A verdade é que se a intenção é evitar as consequências imediatas da crise, as falências e o desemprego, nem o aumento de investimentos públicos, nem a descida dos impostos são eficazes. A descida dos impostos é mesmo uma mentira pois com as perdas nos lucros e a quebra no consumo já há uma redução das receitas fiscais, seriam as empresas lucrativas a beneficiar desta medida e não são essas as que estão a sofrer com a crise. Se a opção for reduzir o impostos sobre o rendimento então serão os mais privilegiados a beneficiar pois só nesse segmento se conseguiria um aumento significativo da procura e uma redução significativa da carga fiscal. Só que este aumento da procura pouco se reflectiria na economia, aumentar-se-ia o consumo de bens de luxo importados, agravando o desequilíbrio externo que o PSD gosta tanto de recordar.
Por outro lado, o investimento público decidido pelo governo pouco vai animar a economia a curto prazo, o tempo necessário à elaboração dos projectos, à sua aprovação, ao lançamento dos concursos e, por fim, ao início das obras levará a que estas entrem em velocidade de cruzeiro muitos meses depois de esta estratégia ter sido decidida, corre-se mesmo o risco de o país estar a pagar cimento em vez de investir em competitividade quando a crise estiver ultrapassada.
Ora, a mesma Manuela Ferreira Leite que agora tanto critica as previsões económicas andou dois anos a inventar sinais de retoma e a inversão do ciclo económico.
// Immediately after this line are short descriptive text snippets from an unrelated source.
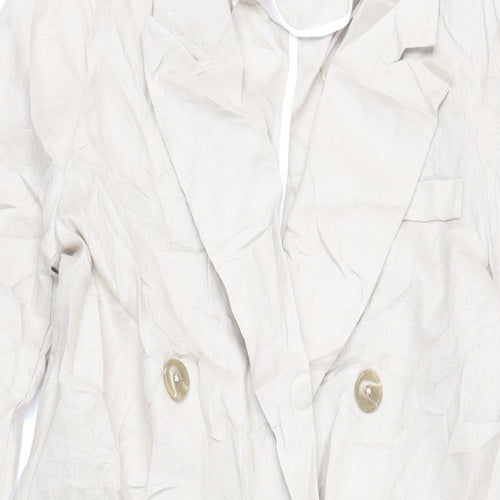 Autograph Womens Beige Overcoat Coat Size 8 Button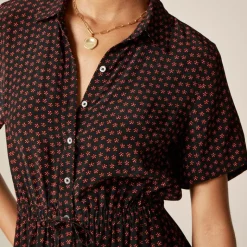 Petite Cerise shirt-dress in floral crepe de chine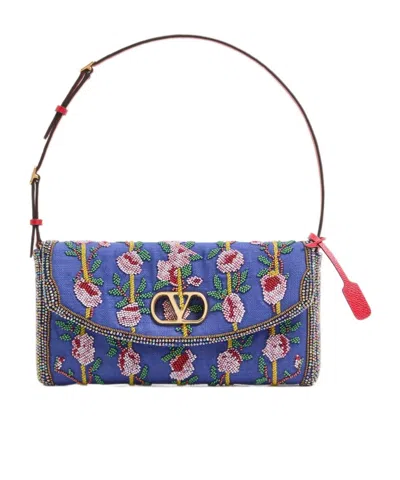 Valentino Garavani Flap Shoulder Bag In Blue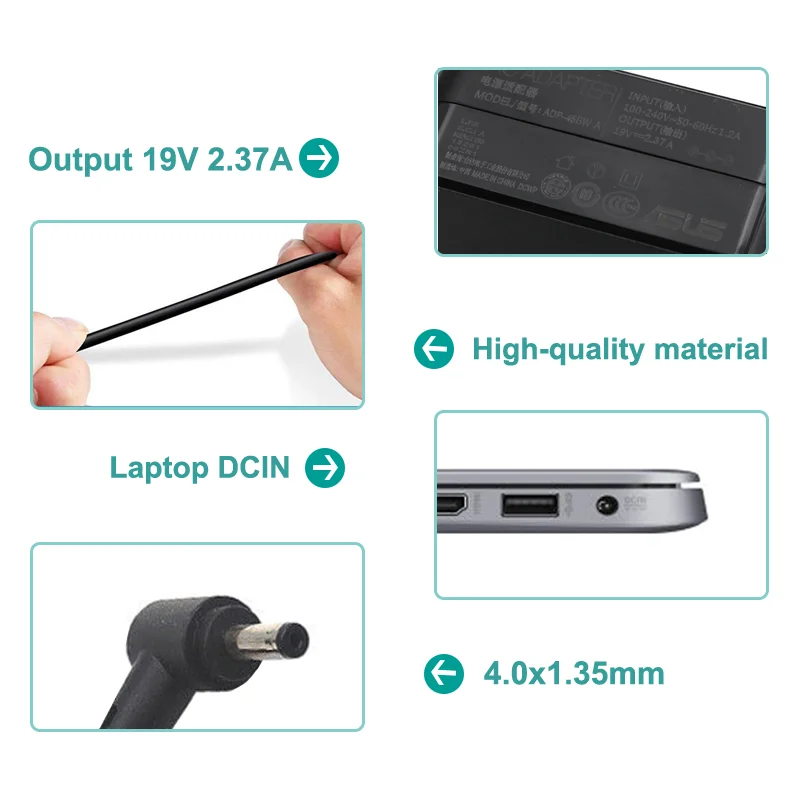 Laptop Charger ADP-45BW 19V 2.37A 4.0x1.35mm AC Adapter For Asus X553 X553M X553MA Q302LA UX21A UX31A X540Y Notebook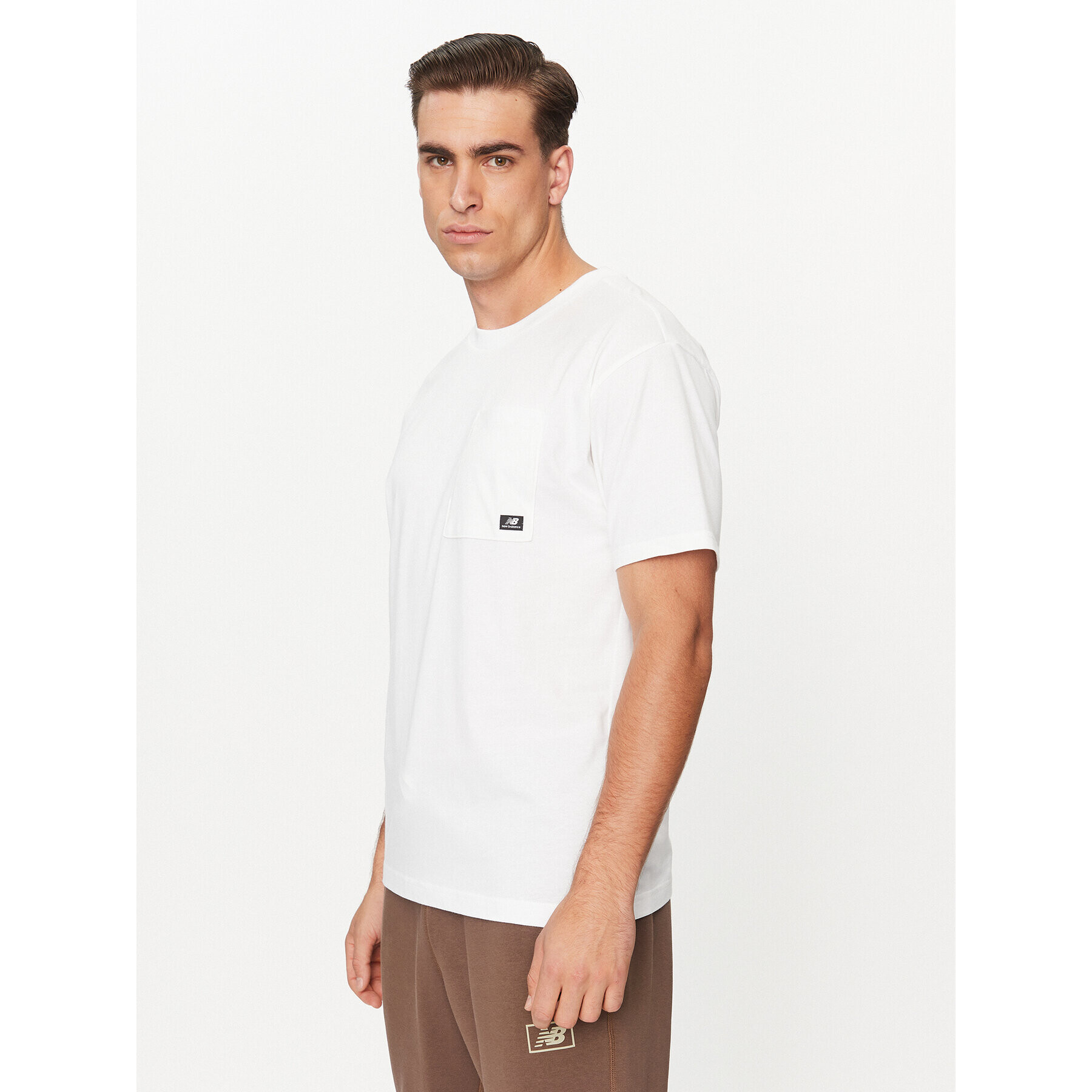 New Balance T-Shirt Essentials Reimagined Cotton Jersey Short Sleeve T-shirt MT31542 Bílá Regular Fit - Pepit.cz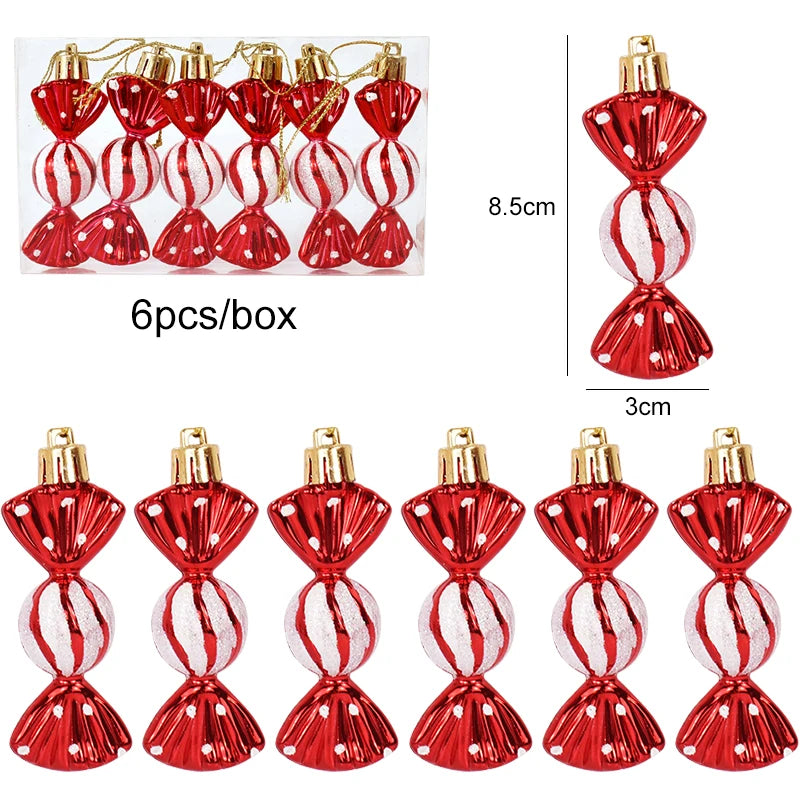 6Pcs Christmas Lollipop Candy Cane Ornaments Decorations for Home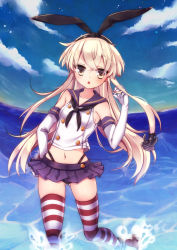 Rule 34 | 10s, 1girl, absurdres, anchor hair ornament, blonde hair, elbow gloves, gloves, hair ornament, hairband, highleg, highleg panties, highres, kantai collection, kirasaki, long hair, microskirt, panties, shimakaze (kancolle), skirt, solo, striped clothes, striped thighhighs, thighhighs, underwear, water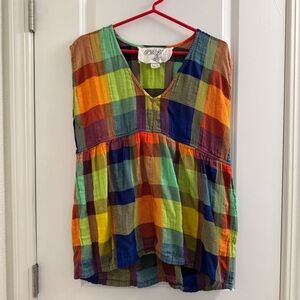 Ace & Jig pia top whirlwind. Size L. Beautiful rainbow check/plaid. Like new.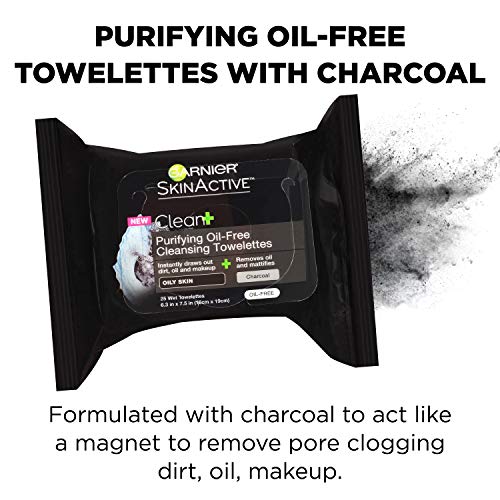 Garnier Skin Skinactive Clean+ Charcoal Oil-Free Makeup Remover Wipes, 2 Count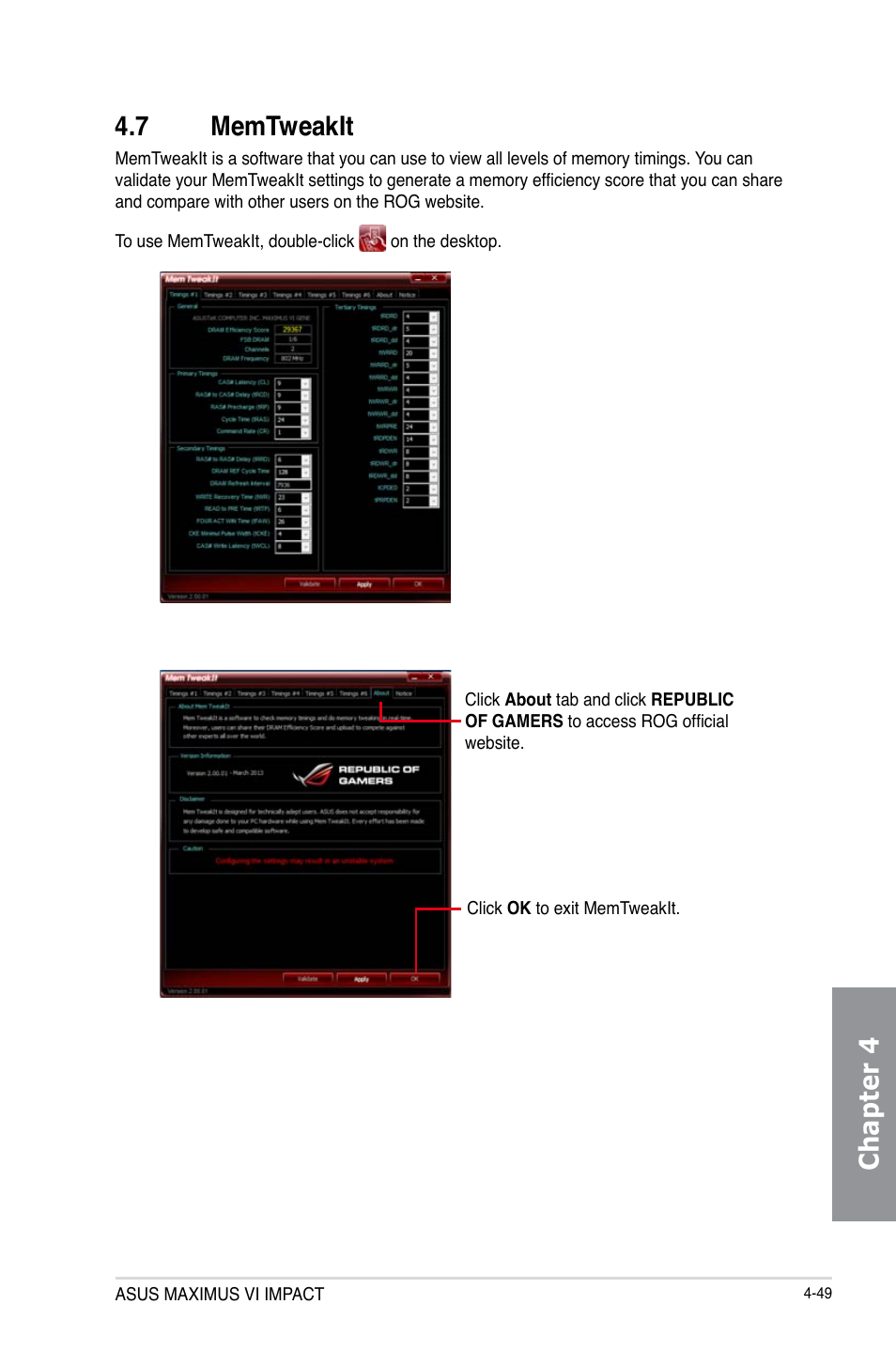 7 memtweakit, Memtweakit -49, Chapter 4 4.7 memtweakit | Asus MAXIMUS VI IMPACT User Manual | Page 197 / 222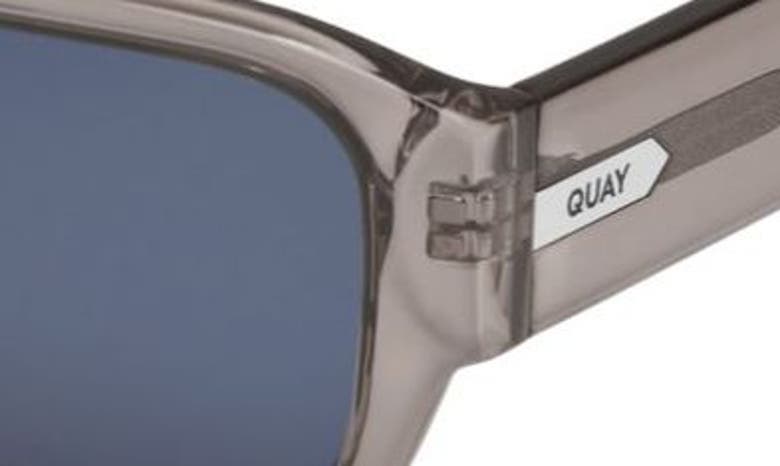 Shop Quay Night Cap 40mm Polarized Shield Sunglasses In Grey Navy Polarized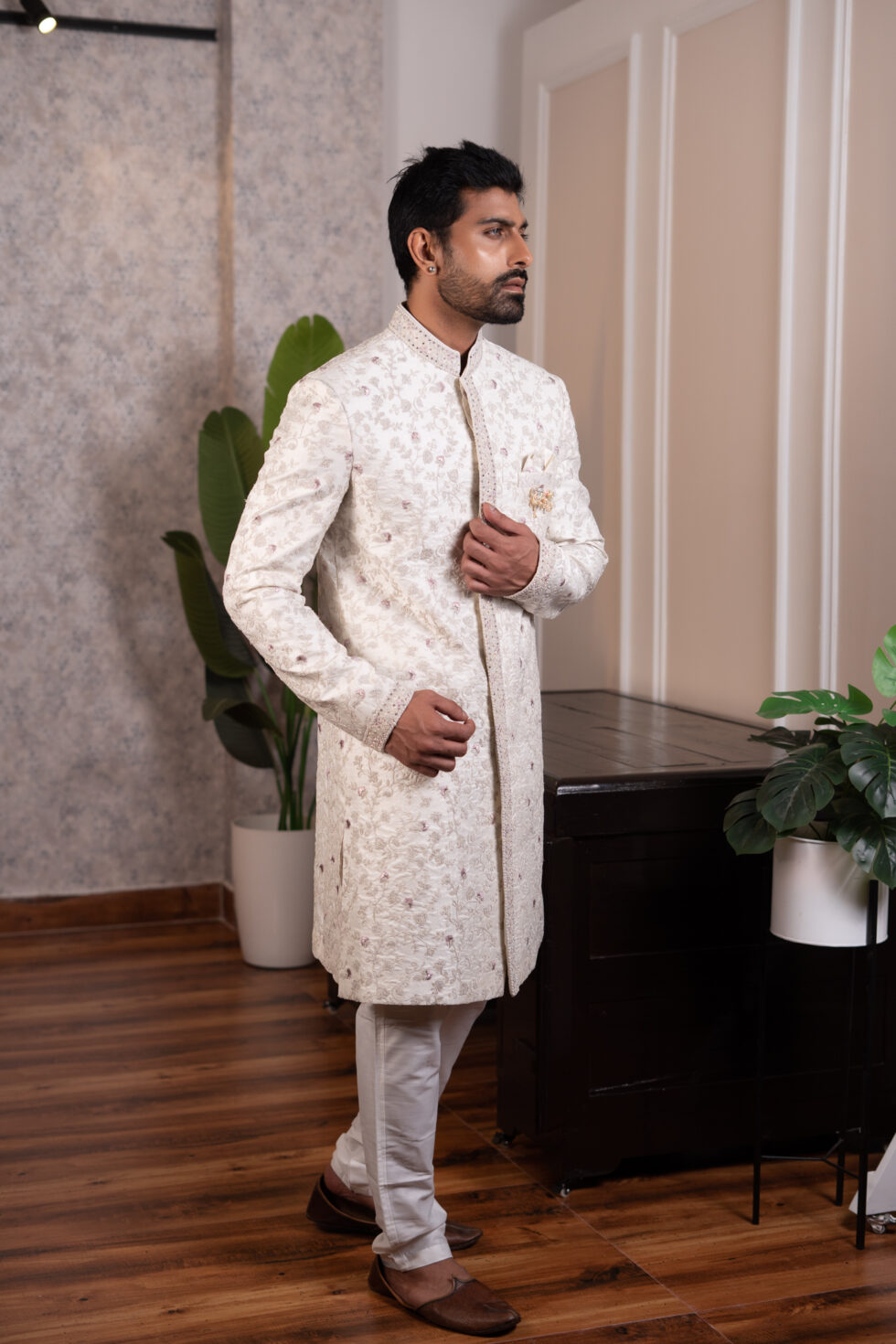 cream sherwani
Se estivesse enganada como esteve com uma crise que ao pé desta foi uma crisesita depois de reduzir os impostos teria que apostar no investimento público para salvar o emprego já in extremis. Mas depois da quebra da receita fiscal não teia hipóteses de o fazer. A sua estratégia assneta no pressuposto de que a crise é de curta duração e como se sabe da última vez saíu sem ver sinais de retoma.
A verdade é que a crise será superada quando aumentar a procura dos nossos parceiros e a sua superação depende mais do investimento público desses parceiros do que das obras que forem lançadas ou da descida de impostos. A estratégia inteligente seria usar os recursos públicos para reduzir o impacto social da crise económica e apostar na modernização do Estado e das empresas. O problema é, do ponto de vista eleitoral, esta estratégia é pior do que a adoptada pelo Governo ou as que foram propostas pela oposição.
Antes de pensarem na economia os nossos políticos terão que pensar nos votos para que possam governar. O drama é que quando ganham eleições o primeiro problema que enfrentam é precisamente a necessidade de começar nas próximas eleições, raros são os que têm coragem de actuar de forma diferente e se o fizerem correm um sério risco de o céu lhes cair em cima.